Konklusi kecil dari keterpukauan publik Eropa
terhadap gamelan melalui kerja kreatif Debussy: “... gamelan Jawa membuktikan
bahwa musik tabuhan lebih daripada sekadar fenomena resonansi dan bukan hanya
penekanan nada.” Gamelan Jawa hadir di Eropa dalam adonan komposisi musik
klasik dengan kejutan: “Untuk pertama kalinya seorang komponis Eropa
menanggalkan konsep Barat dalam hal harmonisasi musik, penciptaan ketegangan
yang mengarah pada konklusi .... getaran keindahan suara itu sendiri”
(Dorleans, 2006: 523). Jawa masih menjadi objek atau telah menempatkan diri
sebagai subjek di mata seniman dan publik Eropa?
Jawa dalam penggalan masa lalu juga menjadi
urusan pelik oleh keluarga Winter sebagai penerjemah di Solo pada abad XIX.

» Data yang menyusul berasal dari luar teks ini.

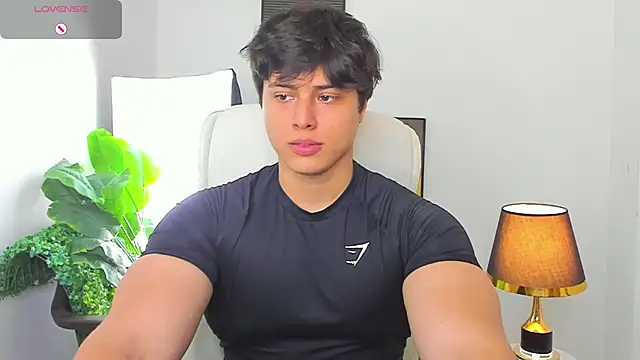 Snapshot of Thom_Ohtani chatting on February 27, 2025, 7:26 pm Thom Ohtani online show from February 27, 2025, 7:26 pm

Jawa diterjemahkan pada Eropa dengan ketegangan kebijakan politik kolonial,
kesadaran kultural, pamrih bahasa, dan pengabaran sastra. Keluarga Winter ada
dalam posisi penting untuk perantaraan Jawa dan Eropa meski kerap dalam posisi
dilematis antara kepakaran atau represi kolonial Belanda. Terjemahan-terjemahan
keluarga Winter atas dokumen politik, dokumen hukum, teks pelajaran bahasa, dan
sastra memungkinkan Jawa dikenali oleh Eropa dengan ketegangan ideologis.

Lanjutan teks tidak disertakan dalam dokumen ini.